Formerly titled "EZSTORAGE," this user manual introduces tools for effectively storing and archiving files from Livermore Computing (LC) computers by using the High Performance Storage System (HPSS), also referred to herein as "storage." Individual reference manuals provide detailed technical instructions on the tools and techniques introduced in this user guide: FTP, NFT, HPSS, HTAR, HSI, and Hopper. Additionally, the Using LC File Systems document is a basic guide to using local directories and general file-handling software at LC. For help, contact the LC Hotline via e-mail or via telephone at 925-422-4531.

Reliable, massive, archival data storage is a crucial part of any effective high-performance computing environment. Although the actual disk and tape resources for storing files at LC are large and elaborate, the user interface is constrained to use either the FTP daemon—the protocol for FTP clients or local alternatives to FTP clients, such as NFT and parallel FTP (PFTP), or the Hierarchical Storage Interface Gateway Daemon (hsigwd)—the protocol for HSI and HTAR. Hopper can use either protocol depending on user settings.

Moving files to and from LC production machines, open or secure, is a mainstream storage mission, easy to perform and very reliable. Using file storage in this context avoids quotas on user home directories, avoids purges of files on temporary work disks, and provides virtually unlimited capacity for managing data or computational output. Transfer rates are fast, and FTP connections are very reliable. Customized FTP-daemon interfaces to handle special storage needs (such as NFT for persistent storage transfers or HTAR for very efficiently making large archives directly in storage) are available, too.

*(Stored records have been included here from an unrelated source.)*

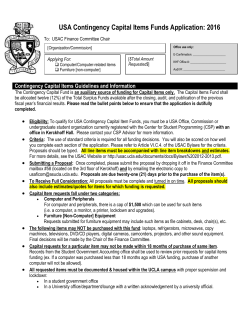 usa capital contingency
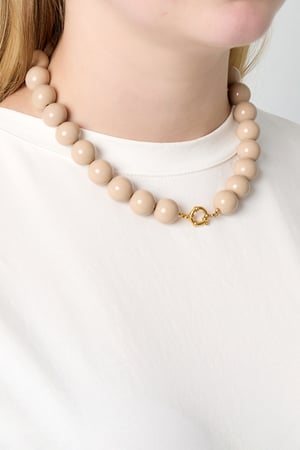 Resin Beaded Necklaces Beads Casual Daily Simple Series Women's jewelry-15mm h5 Picture4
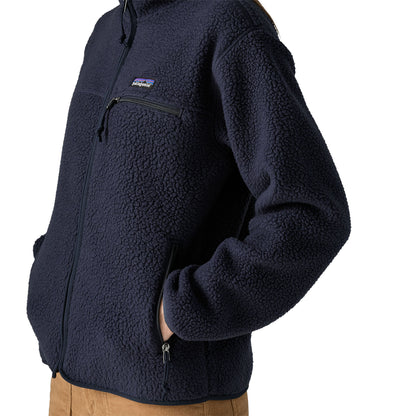 Patagonia Womens Retro Pile Fleece Jacket Sunken Blue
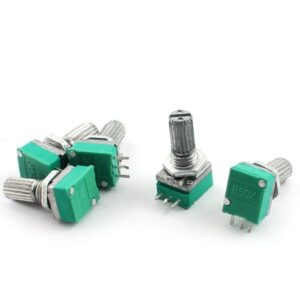 B 50K Ohm 3Pin Single Linear Rotary Taper Potentiometers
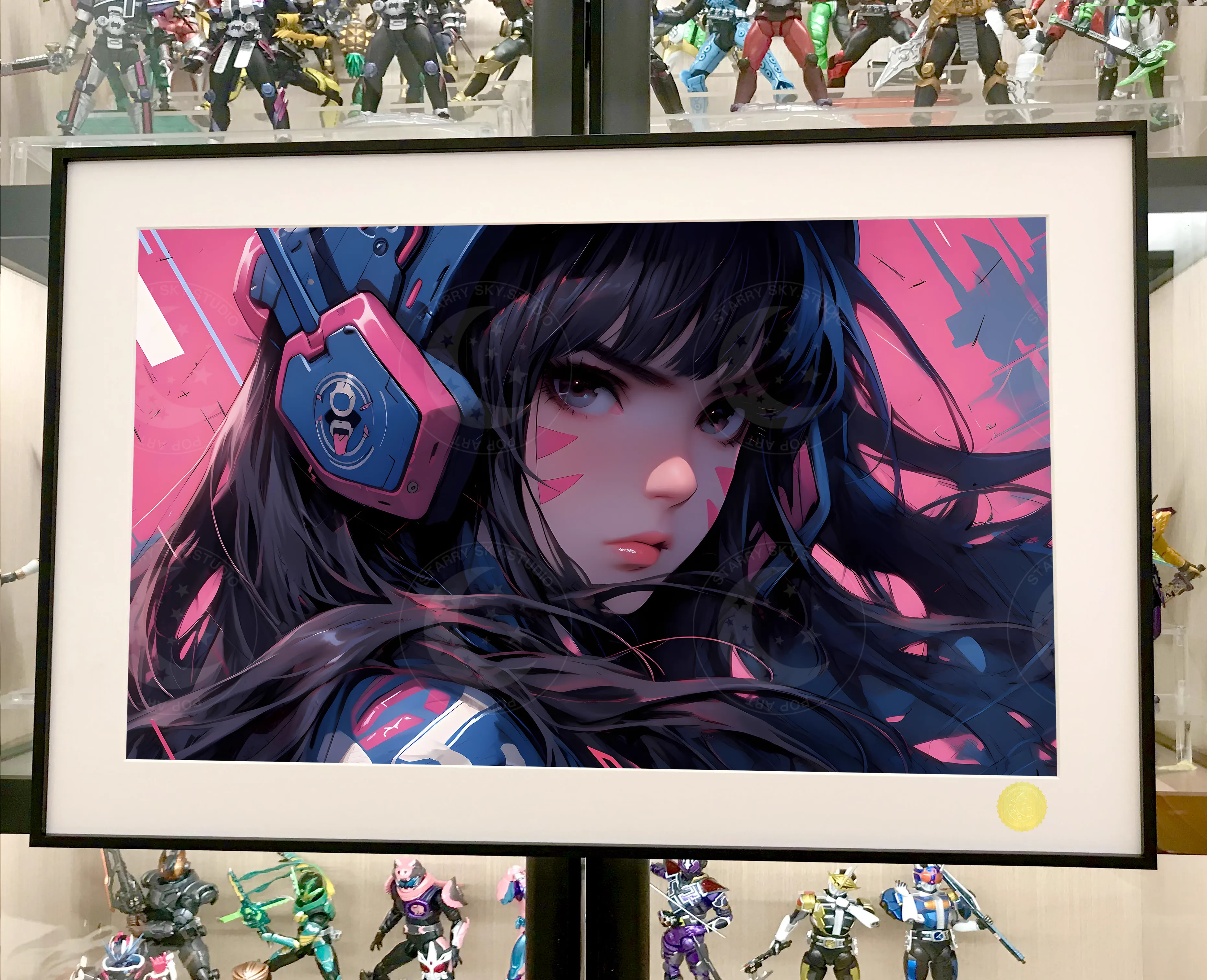 【Pre-sale】Decorative Painting of Esports Girl DVA-OVERWATCH-XingKong Studio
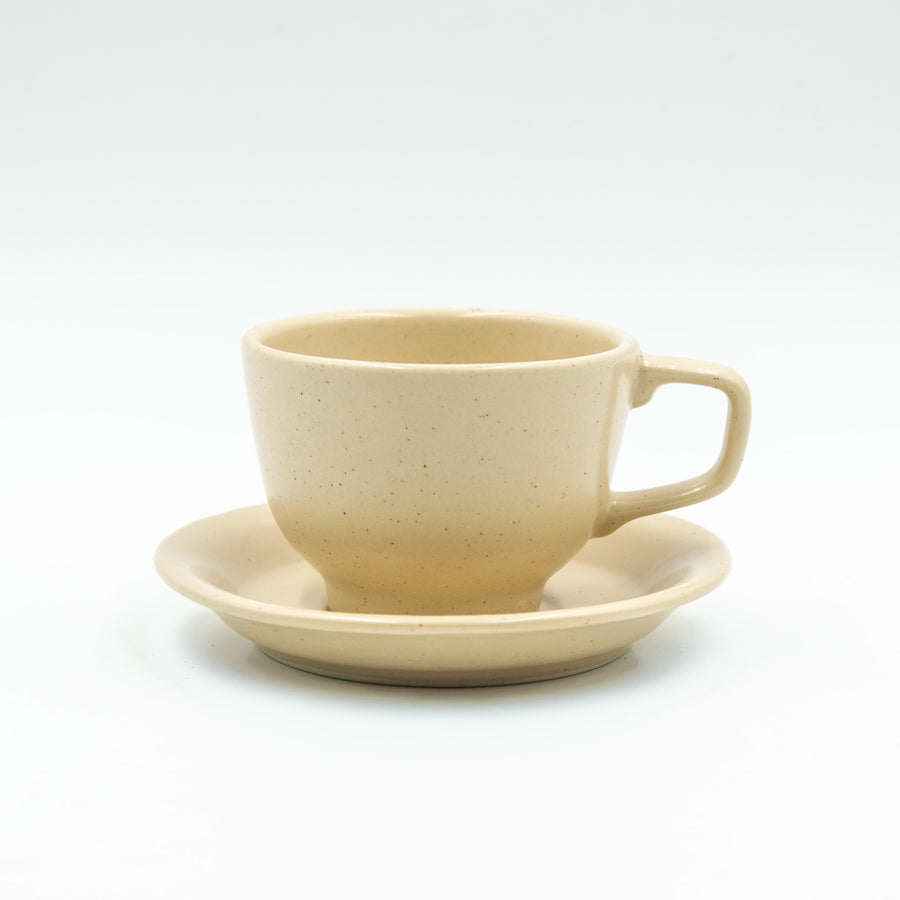 Cappuccino cup and saucer set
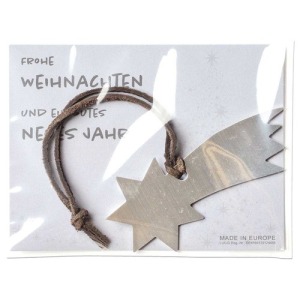 Casse-noix, motif standard, en acier inoxydable en sachet sans noix - comète dans un sac de violoncelle - la norme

Moving files to and from other LLNL machines is more complex. Features of special FTP clients, together with the need to protect unusual file formats during transfer to or from storage, may call for taking extra steps.

Finally, moving files to and from non-llnl.gov machines, such as computers at other sites or the workstations of distant ASC collaborators, is the most complicated of the three situations. It requires either using a two-stage process or running extra enabling software such as VPN (Virtual Private Network). This may involve running FTP twice, or using non-FTP transfers to an LC production machine before actually storing the files with FTP (run on an LC machine).

Storage Summary

This section briefly summarizes the chief storage system constraints and tells how to perform the most important file-storage tasks at LC.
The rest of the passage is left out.